Work order ->
The records below are to be quoted in full; please keep every word exact.
=== Supplied material ===
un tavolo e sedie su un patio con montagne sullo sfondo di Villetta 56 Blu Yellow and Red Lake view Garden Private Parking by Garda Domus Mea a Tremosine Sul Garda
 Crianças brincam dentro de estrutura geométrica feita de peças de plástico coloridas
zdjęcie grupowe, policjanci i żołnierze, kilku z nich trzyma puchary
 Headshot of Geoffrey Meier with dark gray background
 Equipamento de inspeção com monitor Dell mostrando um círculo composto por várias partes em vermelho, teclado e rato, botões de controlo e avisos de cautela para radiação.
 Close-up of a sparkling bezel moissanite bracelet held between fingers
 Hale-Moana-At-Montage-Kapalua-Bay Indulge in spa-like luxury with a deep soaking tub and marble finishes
===
Reply ->
un tavolo e sedie su un patio con montagne sullo sfondo di Villetta 56 Blu Yellow and Red Lake view Garden Private Parking by Garda Domus Mea a Tremosine Sul Garda
 Crianças brincam dentro de estrutura geométrica feita de peças de plástico coloridas
zdjęcie grupowe, policjanci i żołnierze, kilku z nich trzyma puchary
 Headshot of Geoffrey Meier with dark gray background
 Equipamento de inspeção com monitor Dell mostrando um círculo composto por várias partes em vermelho, teclado e rato, botões de controlo e avisos de cautela para radiação.
 Close-up of a sparkling bezel moissanite bracelet held between fingers
 Hale-Moana-At-Montage-Kapalua-Bay Indulge in spa-like luxury with a deep soaking tub and marble finishes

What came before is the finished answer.